Conventional evaluation relies only on TSTR, failing to pinpoint why synthesis fails. This framework adds XModal (Total Variation Distance on joint distributions like "target × sentiment"). If XModal is high but TSTR is acceptable, the bottom-up model needs retraining. If TSTR is poor or violations are high, the rules \(\mathcal{S}\) are revised.

Loss & Training¶

The bottom-up phase uses native training schemes: RandomForest (30 trees, 5k samples), XGBoost (80 estimators, depth 6, 8k samples), and CTGAN/TVAE (SDV defaults, 50 epochs). Synthesis generates 12k rows across multiple seeds.
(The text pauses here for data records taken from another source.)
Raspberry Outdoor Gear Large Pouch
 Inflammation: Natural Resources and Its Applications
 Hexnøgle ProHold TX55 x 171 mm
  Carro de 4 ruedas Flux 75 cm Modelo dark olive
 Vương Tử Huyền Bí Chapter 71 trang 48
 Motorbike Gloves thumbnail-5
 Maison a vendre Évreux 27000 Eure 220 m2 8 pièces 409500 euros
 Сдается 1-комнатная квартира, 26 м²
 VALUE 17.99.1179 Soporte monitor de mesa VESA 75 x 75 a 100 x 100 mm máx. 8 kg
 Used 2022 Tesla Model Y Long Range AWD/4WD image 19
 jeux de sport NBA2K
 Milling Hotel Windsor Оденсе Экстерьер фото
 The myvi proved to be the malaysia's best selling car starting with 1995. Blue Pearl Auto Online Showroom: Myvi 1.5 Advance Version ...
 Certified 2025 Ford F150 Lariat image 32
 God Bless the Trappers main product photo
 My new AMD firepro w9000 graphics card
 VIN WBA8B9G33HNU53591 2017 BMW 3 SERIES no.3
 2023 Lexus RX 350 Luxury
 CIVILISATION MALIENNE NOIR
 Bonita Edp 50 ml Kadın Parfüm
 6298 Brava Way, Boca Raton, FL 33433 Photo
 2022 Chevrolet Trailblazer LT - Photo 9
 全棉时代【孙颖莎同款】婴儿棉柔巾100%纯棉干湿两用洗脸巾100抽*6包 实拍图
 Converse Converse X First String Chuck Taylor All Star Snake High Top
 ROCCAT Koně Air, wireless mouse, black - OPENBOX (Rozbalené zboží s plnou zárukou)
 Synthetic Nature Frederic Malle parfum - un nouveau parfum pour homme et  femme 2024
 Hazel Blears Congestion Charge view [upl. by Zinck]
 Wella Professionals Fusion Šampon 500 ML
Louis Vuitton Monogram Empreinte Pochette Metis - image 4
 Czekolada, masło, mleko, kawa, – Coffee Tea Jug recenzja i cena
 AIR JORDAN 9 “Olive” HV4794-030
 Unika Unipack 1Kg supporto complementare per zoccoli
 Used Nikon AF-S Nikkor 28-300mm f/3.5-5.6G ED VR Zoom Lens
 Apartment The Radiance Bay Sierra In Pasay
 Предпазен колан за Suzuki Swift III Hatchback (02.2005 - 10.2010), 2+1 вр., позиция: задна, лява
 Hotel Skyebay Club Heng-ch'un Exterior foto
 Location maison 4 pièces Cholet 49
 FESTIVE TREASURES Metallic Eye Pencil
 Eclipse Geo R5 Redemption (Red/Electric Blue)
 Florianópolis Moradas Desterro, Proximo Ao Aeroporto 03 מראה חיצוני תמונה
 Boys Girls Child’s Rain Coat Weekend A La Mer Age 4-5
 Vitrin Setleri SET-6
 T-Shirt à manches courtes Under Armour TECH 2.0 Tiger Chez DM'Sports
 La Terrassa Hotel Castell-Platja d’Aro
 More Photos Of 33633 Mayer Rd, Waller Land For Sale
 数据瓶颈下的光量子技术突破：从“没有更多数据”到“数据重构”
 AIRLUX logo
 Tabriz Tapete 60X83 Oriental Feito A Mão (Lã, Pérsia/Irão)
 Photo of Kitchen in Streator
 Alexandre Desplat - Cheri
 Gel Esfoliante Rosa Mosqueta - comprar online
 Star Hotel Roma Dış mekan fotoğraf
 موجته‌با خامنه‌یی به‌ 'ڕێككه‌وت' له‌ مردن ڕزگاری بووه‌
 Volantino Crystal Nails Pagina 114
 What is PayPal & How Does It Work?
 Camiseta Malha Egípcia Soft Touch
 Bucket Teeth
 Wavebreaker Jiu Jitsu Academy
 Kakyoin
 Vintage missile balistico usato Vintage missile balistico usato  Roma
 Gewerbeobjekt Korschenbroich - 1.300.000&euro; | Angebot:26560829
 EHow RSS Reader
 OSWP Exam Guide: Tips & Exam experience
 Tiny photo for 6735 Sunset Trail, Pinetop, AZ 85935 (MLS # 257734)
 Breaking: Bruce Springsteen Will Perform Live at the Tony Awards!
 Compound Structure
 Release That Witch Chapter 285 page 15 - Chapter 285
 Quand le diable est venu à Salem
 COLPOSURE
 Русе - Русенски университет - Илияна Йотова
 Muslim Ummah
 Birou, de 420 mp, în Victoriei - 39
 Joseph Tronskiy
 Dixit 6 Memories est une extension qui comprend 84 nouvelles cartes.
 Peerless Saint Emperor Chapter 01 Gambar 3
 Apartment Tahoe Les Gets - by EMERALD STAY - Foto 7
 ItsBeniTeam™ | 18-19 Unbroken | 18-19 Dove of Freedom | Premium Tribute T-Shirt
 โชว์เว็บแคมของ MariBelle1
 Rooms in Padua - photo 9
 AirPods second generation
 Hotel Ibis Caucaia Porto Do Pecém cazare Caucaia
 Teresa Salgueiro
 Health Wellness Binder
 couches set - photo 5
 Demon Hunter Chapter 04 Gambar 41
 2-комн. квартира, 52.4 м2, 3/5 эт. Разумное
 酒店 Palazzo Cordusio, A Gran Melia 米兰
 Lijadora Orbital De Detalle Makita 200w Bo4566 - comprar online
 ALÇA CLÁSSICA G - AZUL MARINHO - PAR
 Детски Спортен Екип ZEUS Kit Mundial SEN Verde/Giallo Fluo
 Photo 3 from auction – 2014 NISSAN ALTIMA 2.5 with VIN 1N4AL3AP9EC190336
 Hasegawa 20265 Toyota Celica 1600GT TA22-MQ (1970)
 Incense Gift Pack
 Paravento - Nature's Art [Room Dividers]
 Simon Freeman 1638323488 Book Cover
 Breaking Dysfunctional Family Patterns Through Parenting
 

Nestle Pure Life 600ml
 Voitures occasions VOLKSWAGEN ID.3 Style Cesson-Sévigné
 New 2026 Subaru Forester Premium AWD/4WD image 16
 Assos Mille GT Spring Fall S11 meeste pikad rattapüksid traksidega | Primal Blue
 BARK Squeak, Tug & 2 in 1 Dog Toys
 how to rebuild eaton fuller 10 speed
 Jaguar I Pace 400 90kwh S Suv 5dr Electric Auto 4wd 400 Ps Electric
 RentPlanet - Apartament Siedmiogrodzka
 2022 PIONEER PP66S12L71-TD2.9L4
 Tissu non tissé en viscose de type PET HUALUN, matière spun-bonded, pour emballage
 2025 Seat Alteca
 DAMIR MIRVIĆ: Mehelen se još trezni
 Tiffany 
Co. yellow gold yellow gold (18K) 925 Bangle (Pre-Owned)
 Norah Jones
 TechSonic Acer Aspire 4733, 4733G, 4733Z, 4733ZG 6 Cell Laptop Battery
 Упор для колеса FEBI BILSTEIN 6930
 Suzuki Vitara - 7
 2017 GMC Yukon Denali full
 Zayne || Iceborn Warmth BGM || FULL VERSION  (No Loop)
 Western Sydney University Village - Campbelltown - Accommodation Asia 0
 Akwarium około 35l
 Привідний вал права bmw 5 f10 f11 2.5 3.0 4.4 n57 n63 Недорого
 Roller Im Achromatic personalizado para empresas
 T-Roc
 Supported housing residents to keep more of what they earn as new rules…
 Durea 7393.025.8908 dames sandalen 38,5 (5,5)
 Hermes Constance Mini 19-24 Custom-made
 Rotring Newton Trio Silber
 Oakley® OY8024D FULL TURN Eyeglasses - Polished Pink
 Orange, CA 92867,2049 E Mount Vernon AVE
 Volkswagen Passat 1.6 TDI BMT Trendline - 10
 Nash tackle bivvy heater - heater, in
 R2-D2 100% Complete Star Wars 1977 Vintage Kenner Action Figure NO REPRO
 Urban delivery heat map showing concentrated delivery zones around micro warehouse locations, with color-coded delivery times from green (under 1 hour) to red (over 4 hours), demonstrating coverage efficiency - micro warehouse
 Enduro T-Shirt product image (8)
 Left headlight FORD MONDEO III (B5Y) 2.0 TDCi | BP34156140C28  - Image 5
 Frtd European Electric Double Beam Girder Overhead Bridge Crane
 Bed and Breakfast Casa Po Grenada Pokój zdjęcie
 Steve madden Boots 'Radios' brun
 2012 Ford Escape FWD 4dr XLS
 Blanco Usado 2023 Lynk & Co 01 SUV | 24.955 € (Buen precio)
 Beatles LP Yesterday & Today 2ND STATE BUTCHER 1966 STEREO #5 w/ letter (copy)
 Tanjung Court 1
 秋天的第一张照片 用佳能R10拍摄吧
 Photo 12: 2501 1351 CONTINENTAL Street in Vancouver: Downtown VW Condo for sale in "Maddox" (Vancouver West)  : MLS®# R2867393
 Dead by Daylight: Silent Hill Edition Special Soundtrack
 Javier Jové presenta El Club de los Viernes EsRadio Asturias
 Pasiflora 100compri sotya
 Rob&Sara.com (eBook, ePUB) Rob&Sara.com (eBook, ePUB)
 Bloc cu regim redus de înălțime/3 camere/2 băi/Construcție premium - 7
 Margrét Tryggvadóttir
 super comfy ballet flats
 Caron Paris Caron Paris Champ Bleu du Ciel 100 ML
The top-down phase requires no training, only rule generation.

Key Experimental Results¶

Main Results¶

Evaluation on weak multimodal financial benchmarks (Bank Marketing + FinancialPhraseBank):

Dataset	Method	TSTR Acc ↑	F1 ↑	AUROC ↑	XModal ↓
Manual	Independent	0.8830	0.0000	0.4905	0.1094
Manual	Gaussian copula	0.8949	0.2034	0.7738	0.0485
Manual	RandomForest	0.9281	0.6122	0.9188	0.0555
Manual	XGBoost	0.9139	0.5621	0.9190	0.1127
Manual	CTGAN	0.8992	0.2694	0.8358	0.0646
Manual	TVAE	0.8622	0.5581	0.8827	0.0533
Gemini	Independent	0.8830	0.0000	0.5359	0.3320
Gemini	Gaussian copula	0.9423	0.6749	0.9968	0.1605
Gemini	RandomForest	0.9971	0.9878	0.9998	0.1437
Gemini	XGBoost	0.9746	0.9003	0.9948	0.3234
Gemini	CTGAN	0.9574	0.7863	0.9903	0.1225
Gemini	TVAE	0.9881	0.9476	0.9885	0.0193

Insight: Stricter rules from Gemini improve TSTR for all generators (e.g., RF AUROC 0.9188 → 0.9998), as rules clarify decision boundaries, simplifying the bottom-up task.

Ablation Study¶

XGBoost ablation (training rows and conditioning columns):

Benchmark	Optimal Config	Acc ↑	F1 ↑	AUROC ↑	Note
Manual	12 cols	0.9139	0.5621	0.9190	Loose rules require more context
Gemini	4 cols	0.9925	0.9690	0.9999	Strict rules allow easier separation

Key Findings¶

Stricter rules simplify generation: Gemini rules lock target=1 to positive sentiment, pushing all methods to TSTR \(\approx 0.99\).
Utility \(\neq\) Fidelity: RandomForest achieved 0.9188 AUROC in the Manual setting but had higher XModal than Gaussian copula, justifying the dual-metric approach.
Lightweight tree-based methods are competitive: RandomForest matched or outperformed CTGAN/TVAE at a fraction of the training time.
Adaptive conditioning: Optimal column counts vary with rule complexity (Manual prefers 12, Gemini 4).

Highlights & Insights¶

Efficiency: Reducing LLM usage to one-shot rule provision lowers costs by orders of magnitude compared to multi-stage reasoning frameworks while retaining semantic priors.
Controlled Experimental Design: By fixing the bottom-up pipeline and varying only the JSON rules, the work quantifies the causal contribution of the "rule provider."
Diagnostic Loops: Translating failures into structured "Retrain" or "Adjust" actions transforms ad-hoc tuning into a systematic process.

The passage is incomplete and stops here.